Reportage
A Izioum, après 164 jours sous la botte russe : « Maudit Poutine, dites bien ce qu’il nous a fait, tout le monde doit savoir »
Devant la morgue, entre deux haut-le-cœur, un homme crie son impuissance. La police lui a demandé de venir chercher le corps de son frère mais la babouchka de service à l’accueil ne cesse de lui présenter des cadavres bleutés sans les tatouages qu’il portait sur les bras. La morgue n’a pas été réfrigérée depuis six mois, et la petite grand-mère est dépassée par la métamorphose des corps qui s’entassent. Ce n’est pas la guerre qui a tué Micha, pas directement. Quelques jours après la libération de la ville par les Ukrainiens, sa femme l’a quitté et Micha s’est pendu.
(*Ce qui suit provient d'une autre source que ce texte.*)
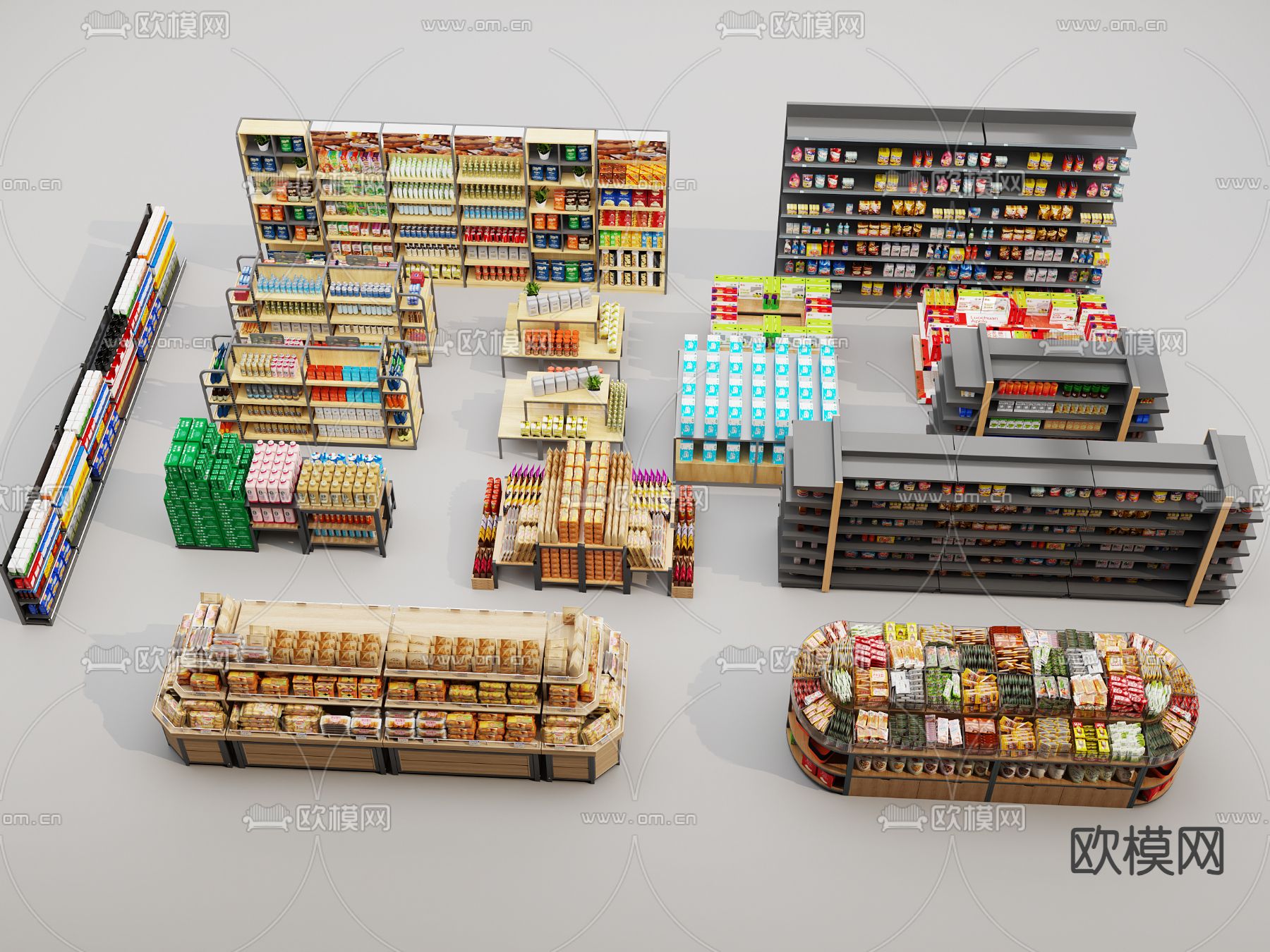 超市货架 零食架 展柜3d模型下载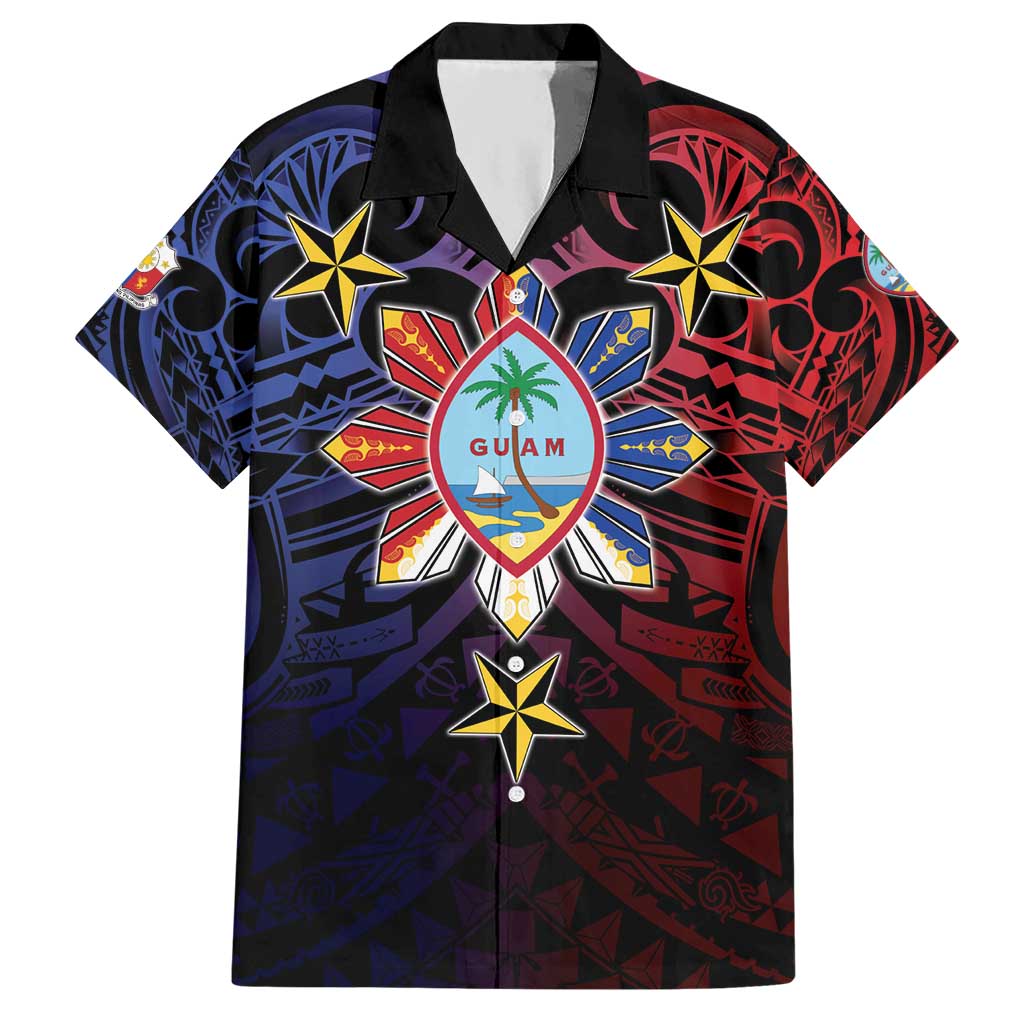 Philippines Guam Hawaiian Shirt Filipino Sun With Guaman Seal LT05 Blue - Polynesian Pride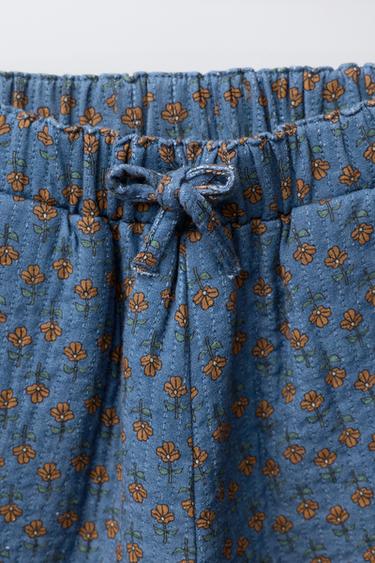 PANTALON BAGGY À FLEURS - Bleu pétrole de Zara - Image 2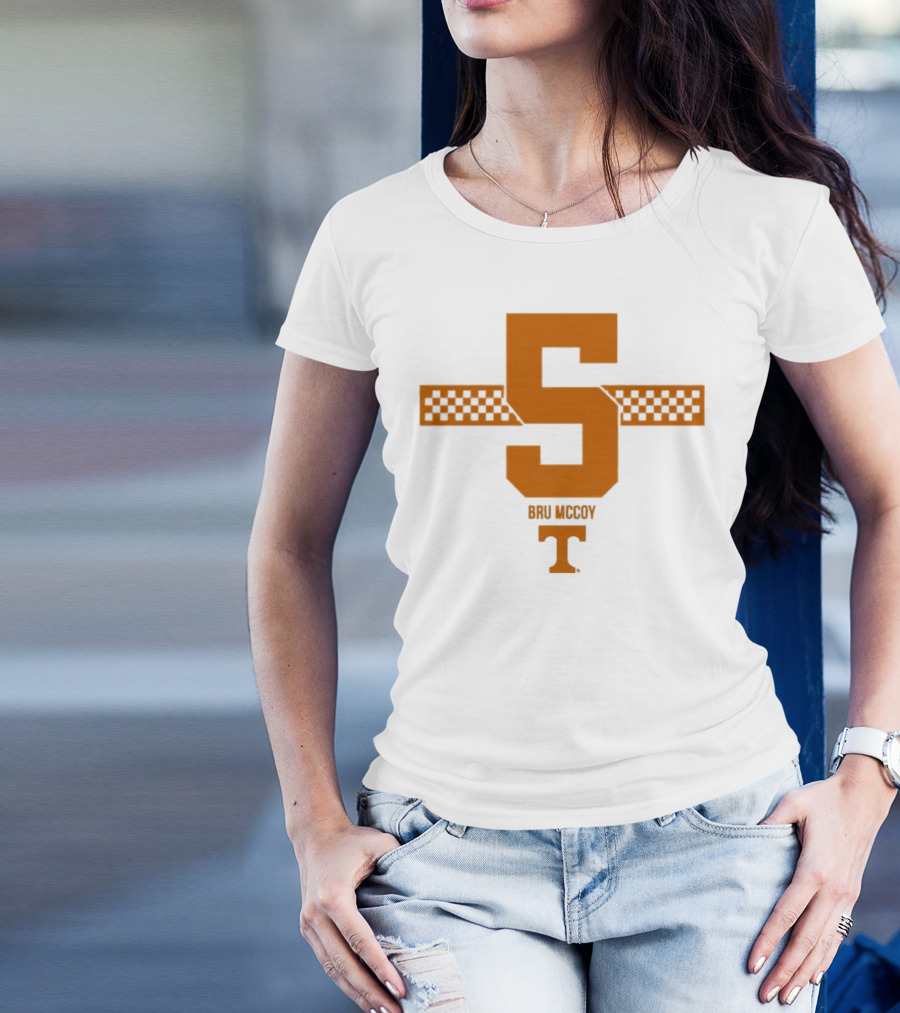 Bru McCoy 5 Stripe Tennessee Volunteers Checkerboard T T-Shirt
Une femme sur le perron de sa datcha insulte les journalistes venus l’interroger : « Que voulez-vous savoir ? Que le corps de mon fils tué par les Russes a flotté dans la rivière pendant trois mois ? Dégagez ! » Sur la place, devant le camion de l’aide alimentaire, deux femmes en viennent aux mains pour une miche de pain blanc. Assis sur un banc, au pied d’une barre d’immeuble, un homme pleure : « Ils m’accusent d’avoir collaboré, mais est-ce un crime que de vouloir rester chez soi ? Je n’ai fait que vendre les champignons ramassés dans la forêt ! » Devant l’hôpital militaire, Sergueï Petrovitch Botsman, ambulancier en chef, vocifère contre les soldats ukrainiens alcoolisés qui ont fêté leur victoire tard dans la nuit en tirant de longues salves vers les étoiles. Sergueï est un héros : il a passé toute l’occupation à convoyer des civils sur des brancards. Lorsque les bombardements commençaient, il montait à Kremenetz, la colline qui surplombe la ville, pour repérer où tombaient les missiles avant de s’y précipiter pour ramasser les blessés. Pendant toute la durée de l’occupation russe, il a refusé d’enlever son écusson aux couleurs de l’Ukraine, mais aujourd’hui il a besoin de dormir. A Izioum, les héros aussi, sont fatigués.
La chasse aux collabos
Dans cette ville de l’est ukrainien, plusieurs centaines de sépultures ont été découvertes après le retrait des troupes russes. Pour y témoigner des crimes russes, Zelensky avait invité la presse internationale à assister aux exhumations des corps du cimetière « Shakespeare », dans la forêt de grands pins qui longe la bourgade. Mais à Izioum, à la litanie des morts s’ajoute le récit des survivants : détruite à 80%, cette ville fut aussi un laboratoire de l’occupation russe. Pendant six mois, les 15000 Ukrainiens qui y sont restés ont dû subir la loi d’airain des hommes de Poutine. Et aujourd’hui l’heure des comptes a sonné. Collabos, salauds, héros, chacun a des noms en tête.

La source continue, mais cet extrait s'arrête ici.